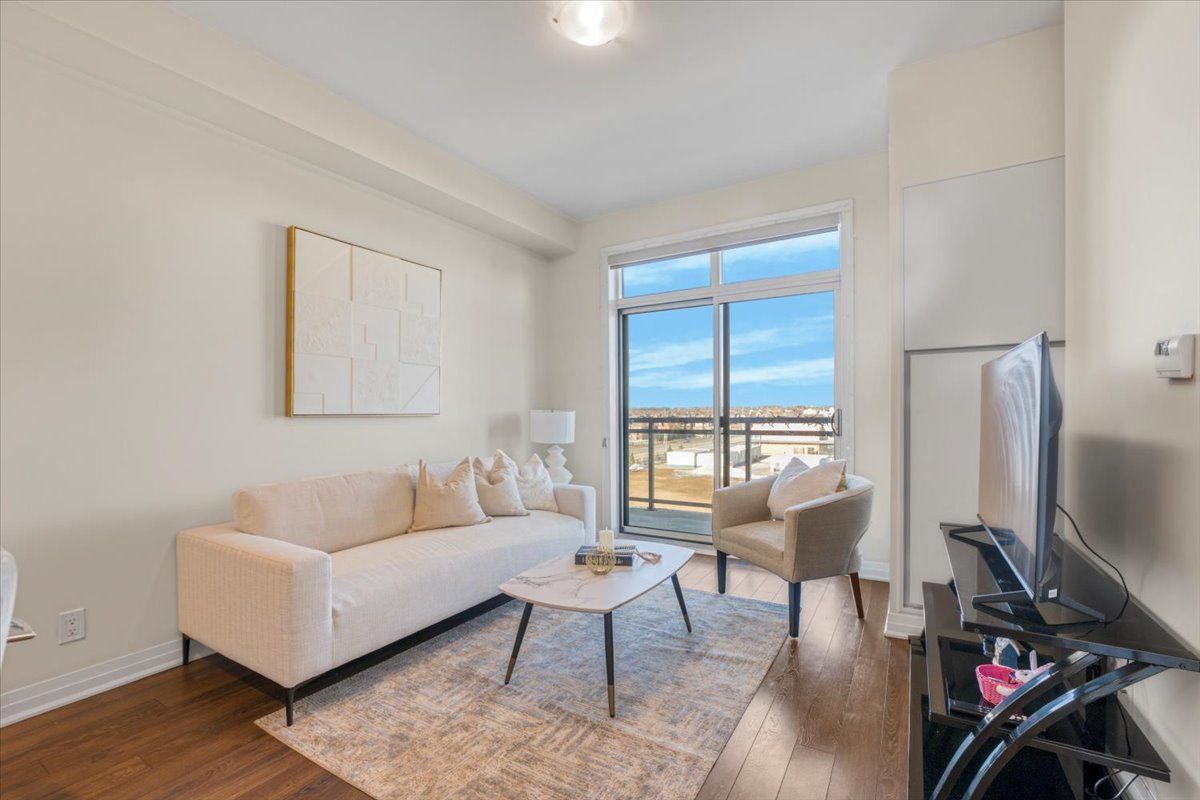 1105 Leger Way E 527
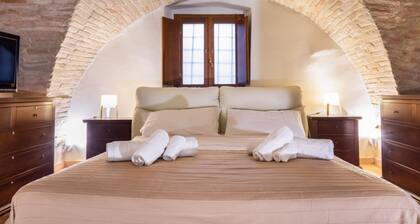 Dimora al Vescovado in the heart of Assisi! x6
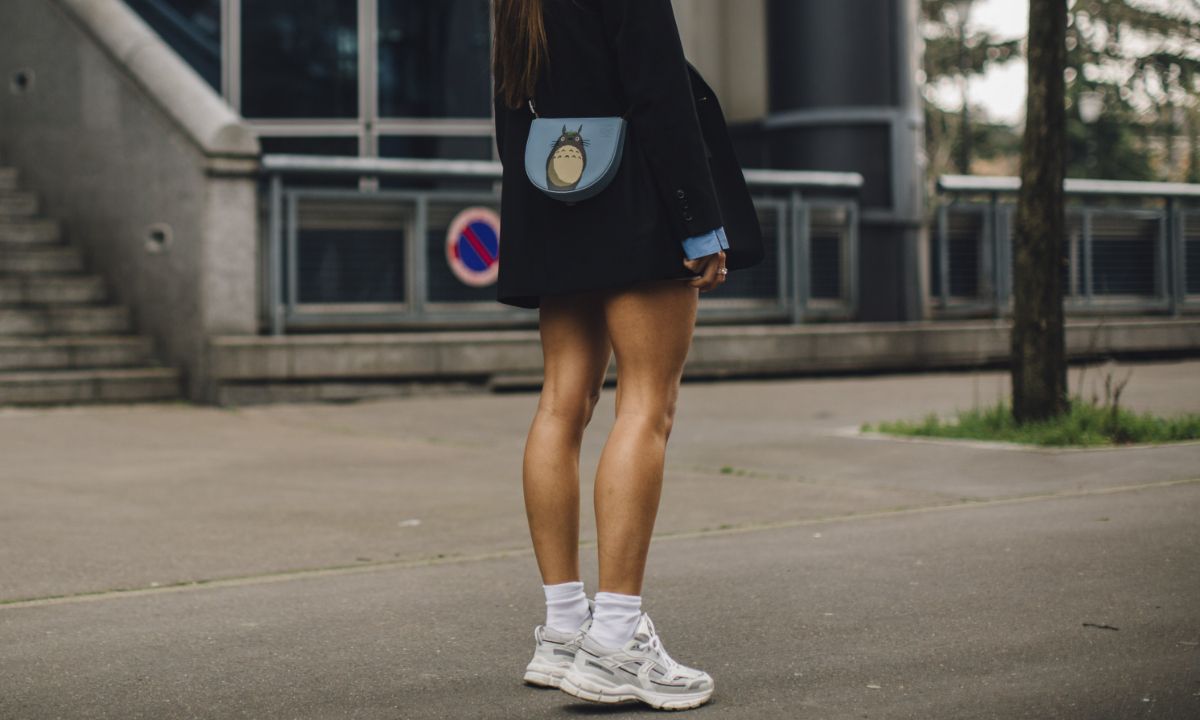 9 τρόποι να φορέσεις τα sneakers φέτος την άνοιξη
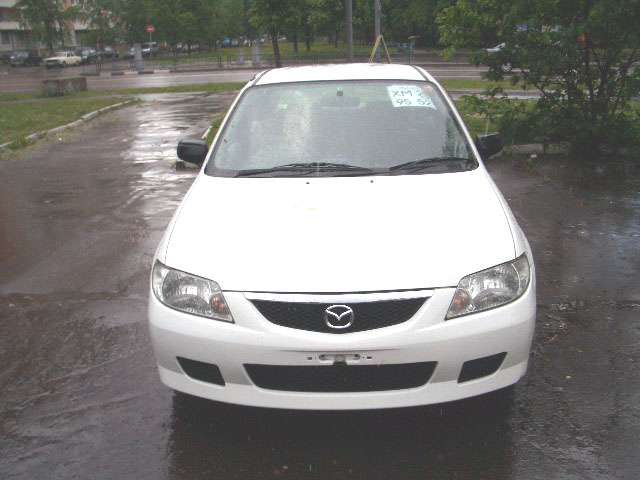 2000 Mazda Familia
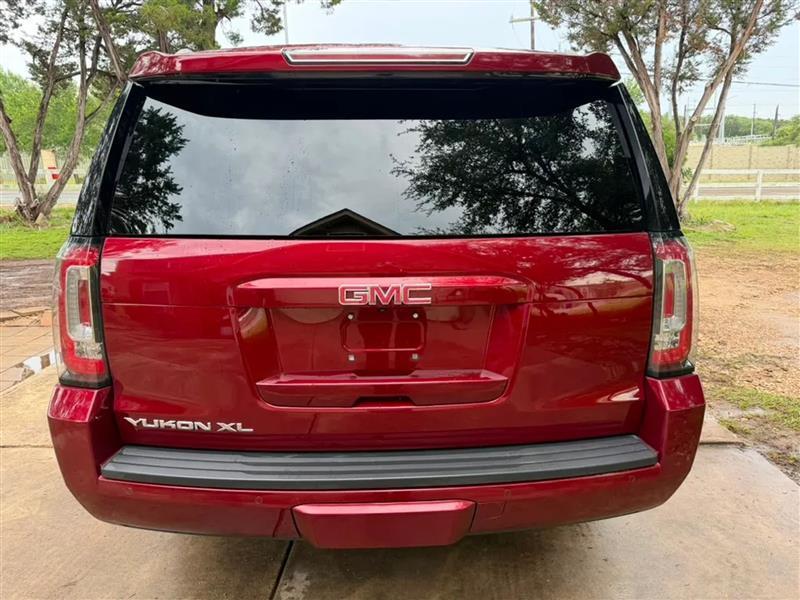 GMC Yukon XL SLT 2WD 2017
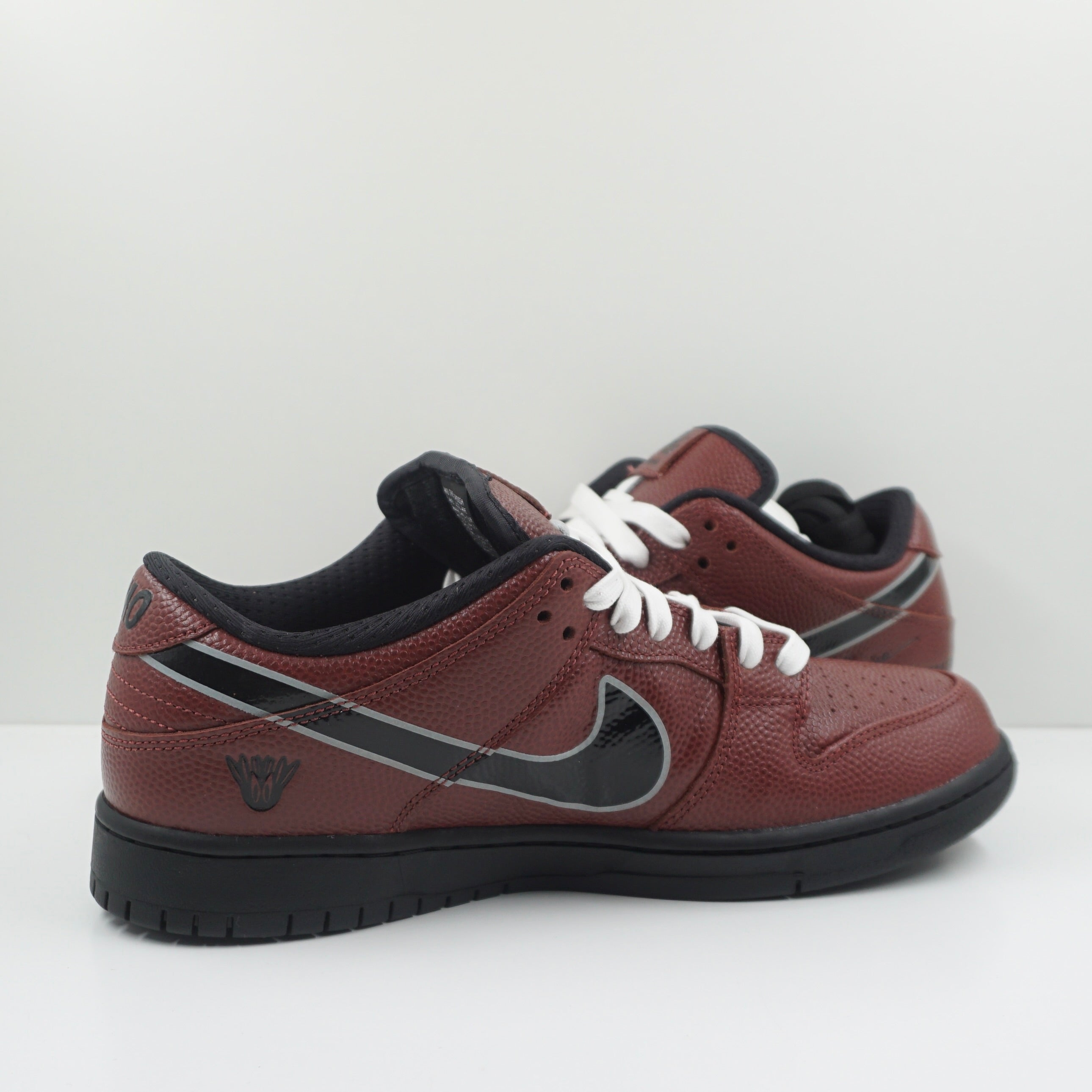 Nike SB Dunk Low Limosine Skateboards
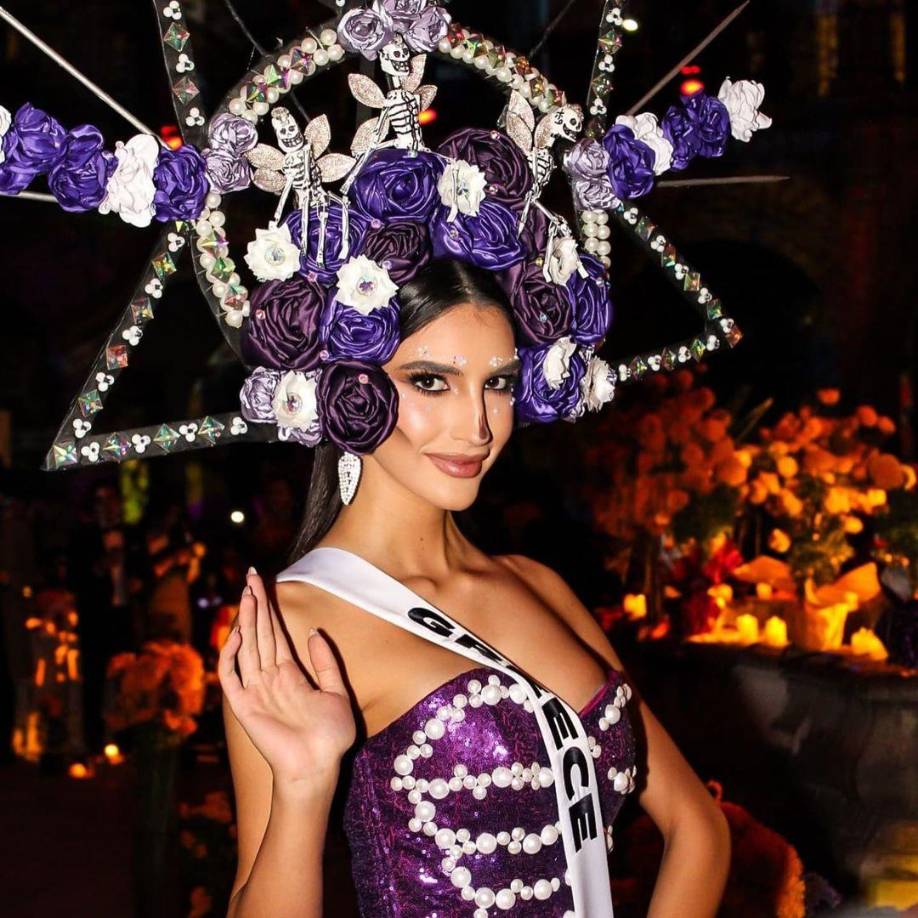 “Este es un acontecimiento singular que pensamos que difícilmente se repita en la historia debido a la confluencia de muchos factores”, declaró Raul Rocha Cantú, el presidente y cofundador de Miss Universe, en la alfombra roja del desfile. “Primero, que tras 17 años vuelva a tener lugar el certamen en México, segundo, que coincida con que es nuestro México y con el día exacto de los difuntos, que es una festividad tan relevante para nosotros”.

--------

Exercise prompt>
What is needed is an exact copy of only the lines from the line containing "2000 Mazda Familia" through the last line of the entries, inclusive, without the pictures.

Answer box>
 2000 Mazda Familia
 GMC Yukon XL SLT 2WD 2017
 Nike SB Dunk Low Limosine Skateboards
 “Este es un acontecimiento singular que pensamos que difícilmente se repita en la historia debido a la confluencia de muchos factores”, declaró Raul Rocha Cantú, el presidente y cofundador de Miss Universe, en la alfombra roja del desfile. “Primero, que tras 17 años vuelva a tener lugar el certamen en México, segundo, que coincida con que es nuestro México y con el día exacto de los difuntos, que es una festividad tan relevante para nosotros”.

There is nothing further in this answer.